- **EXERCISE PROMPT**:
Without the images, print all the entries below exactly as given.

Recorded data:
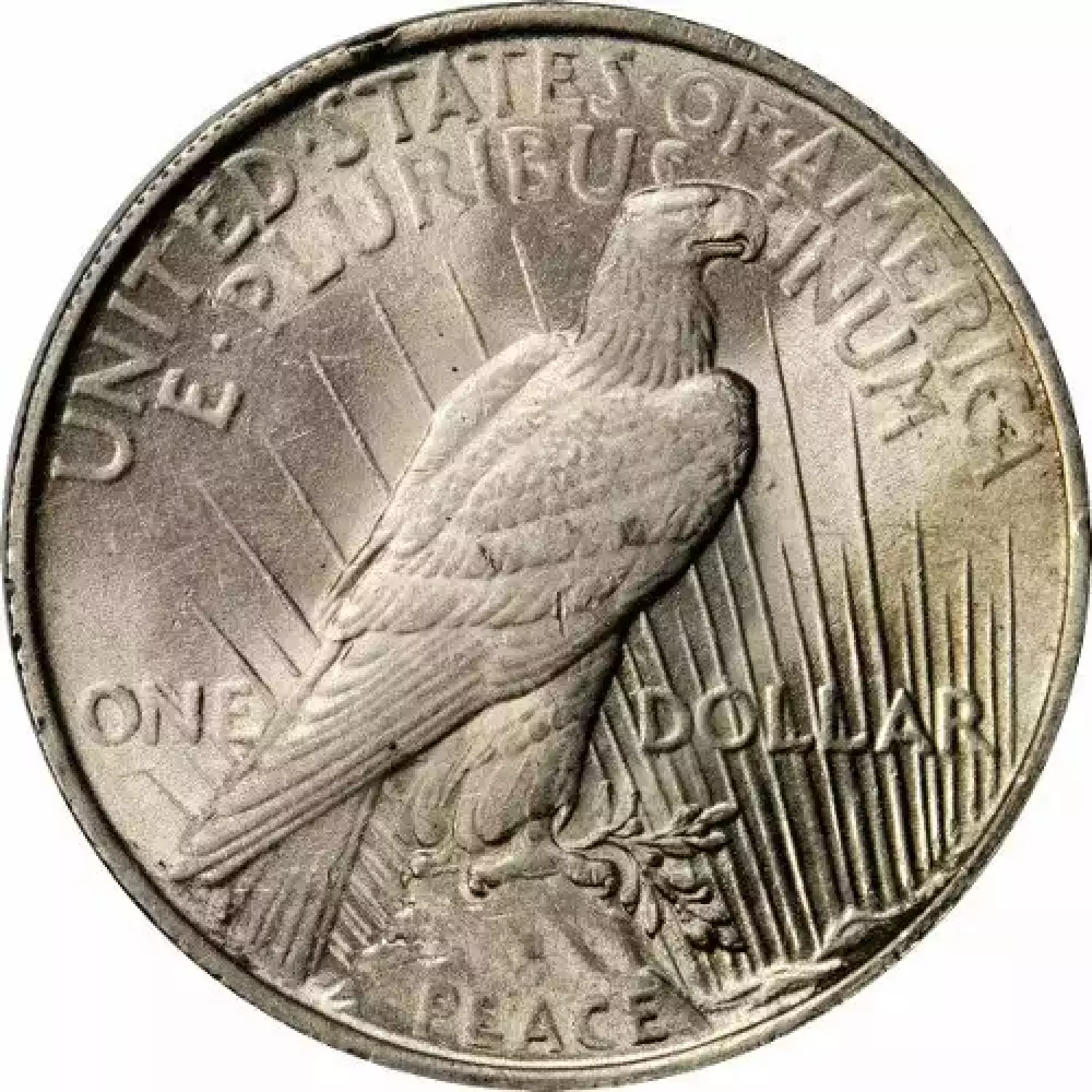 Peace Silver Dollars - Any Year (Circulated) (2)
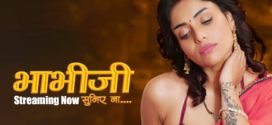 Bhabhi Suniye Na 2025 Hulchul E01-3 Web Series Download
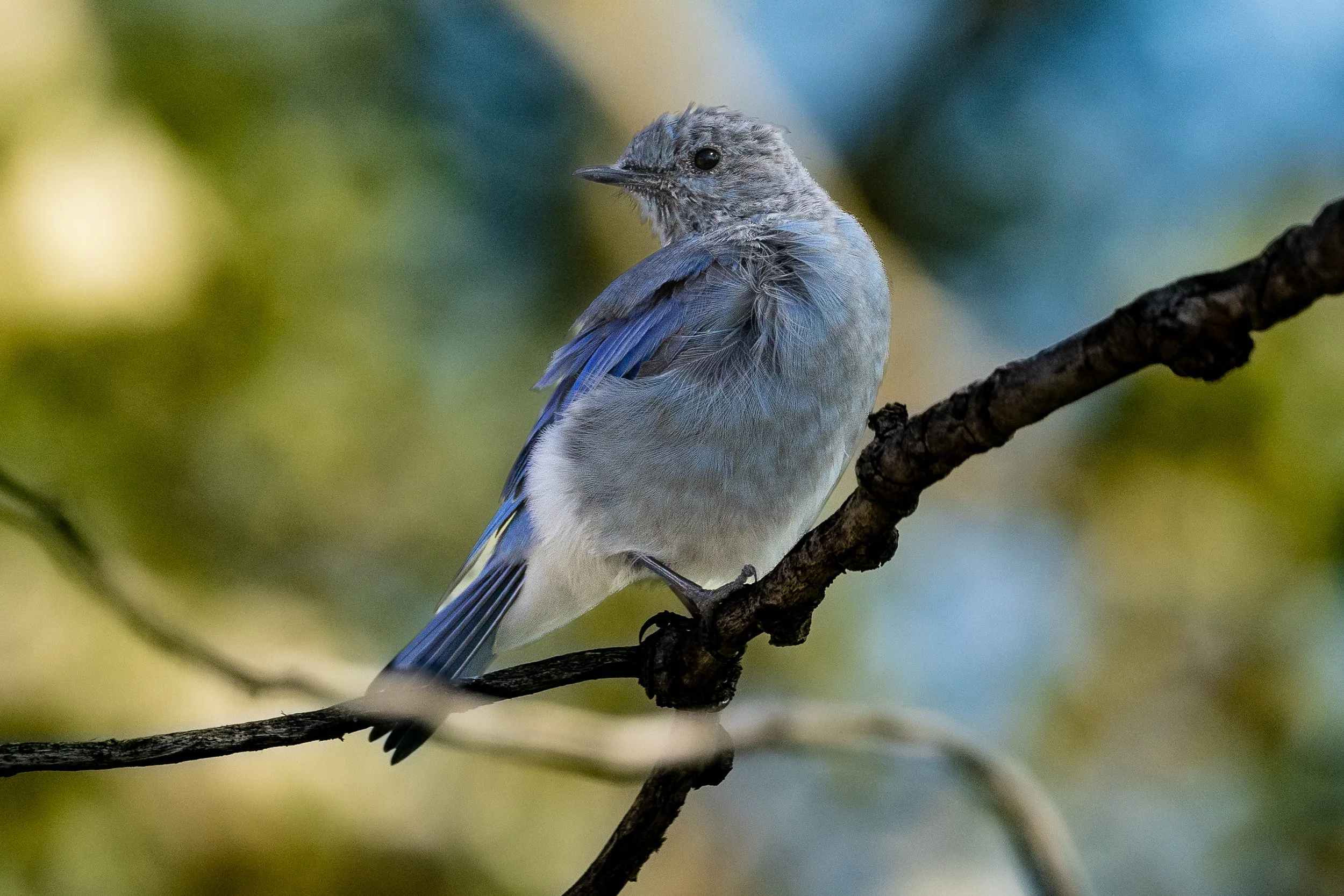 Western Bluebird 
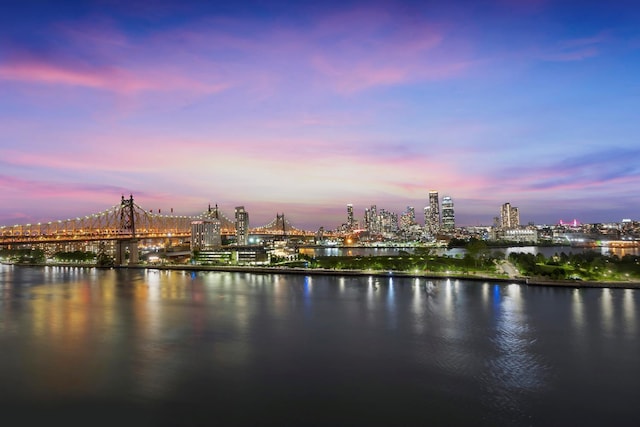 property view of water featuring a view of city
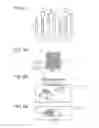 Fig. 04 - Belt device and image forming apparatus including same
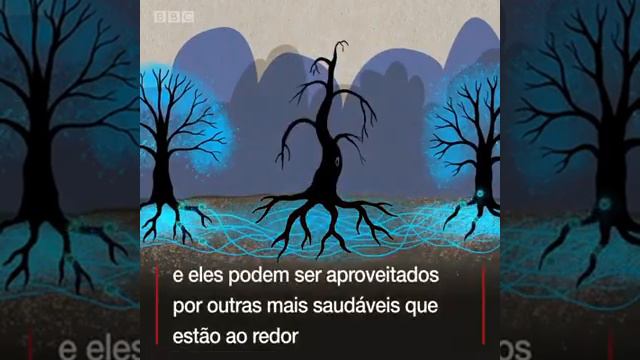 Agronegócio Extrato Pirolenhoso do Brasil Epb106 | A Natureza by Padrão *****MN смотреть онлайн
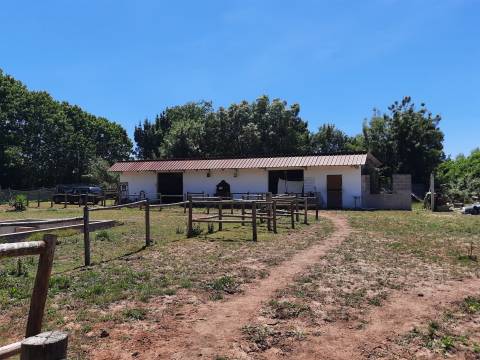 Terreno Rústico - Bencanta - Coimbra/Venda
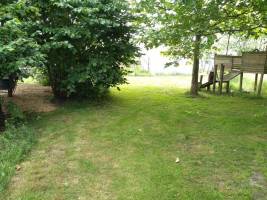 Schöner natürlicher Garten in ländlicher Umgebung.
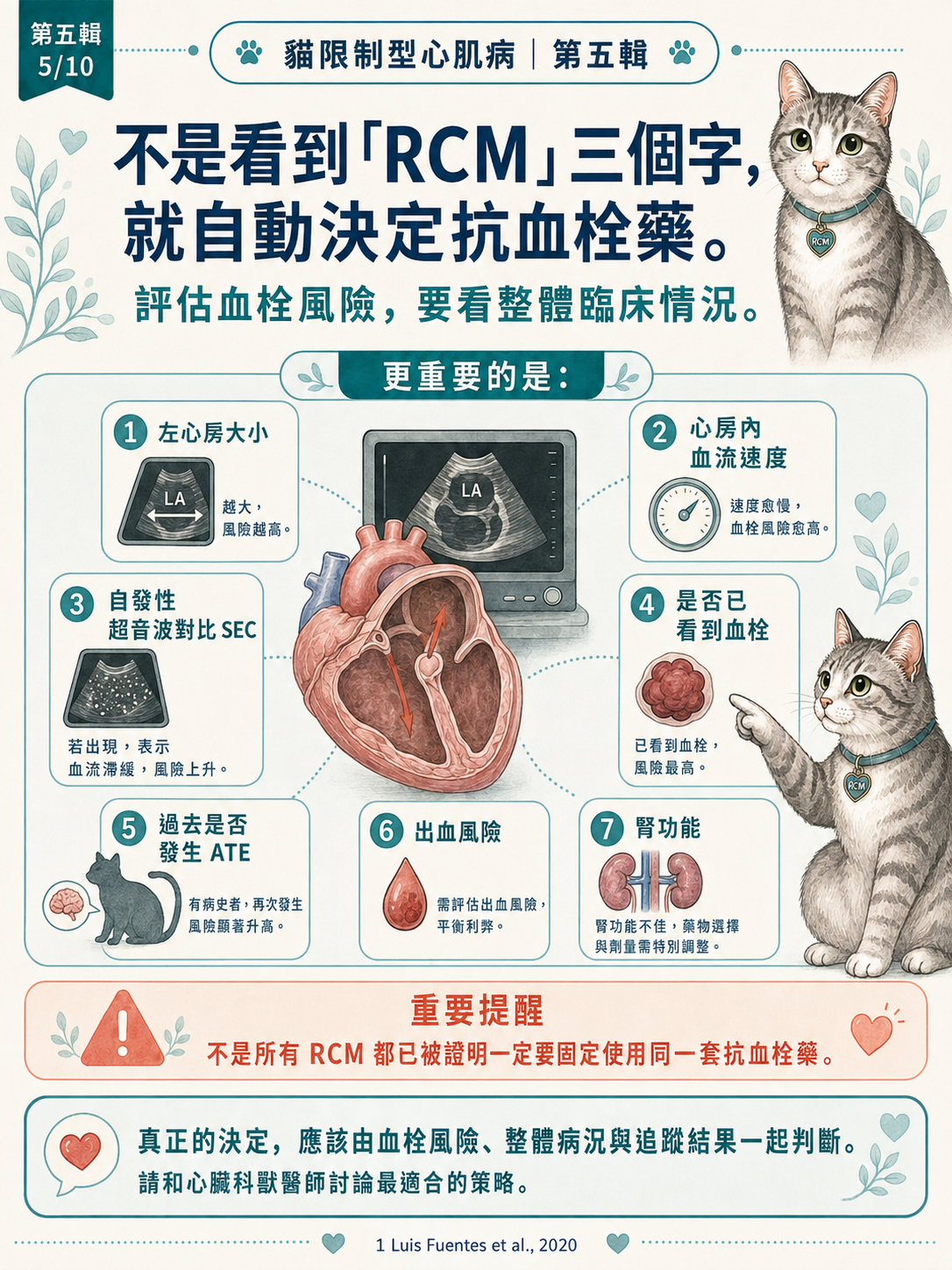 貓 RCM 圖卡 45：不是看到RCM就自動決定抗血栓藥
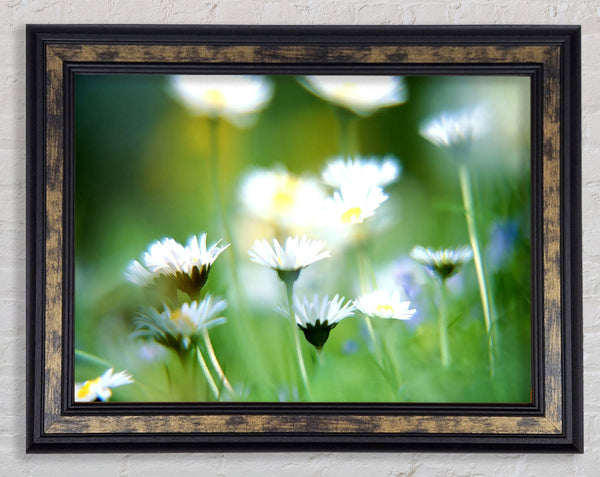 Blurry Daisies Framed Print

- **SOLVED PROBLEM**:
 Peace Silver Dollars - Any Year (Circulated) (2)
 Bhabhi Suniye Na 2025 Hulchul E01-3 Web Series Download
 Western Bluebird 
 property view of water featuring a view of city
 Fig. 04 - Belt device and image forming apparatus including same
 Agronegócio Extrato Pirolenhoso do Brasil Epb106 | A Natureza by Padrão *****MN смотреть онлайн
 Terreno Rústico - Bencanta - Coimbra/Venda
 Schöner natürlicher Garten in ländlicher Umgebung.
 貓 RCM 圖卡 45：不是看到RCM就自動決定抗血栓藥
 Blurry Daisies Framed Print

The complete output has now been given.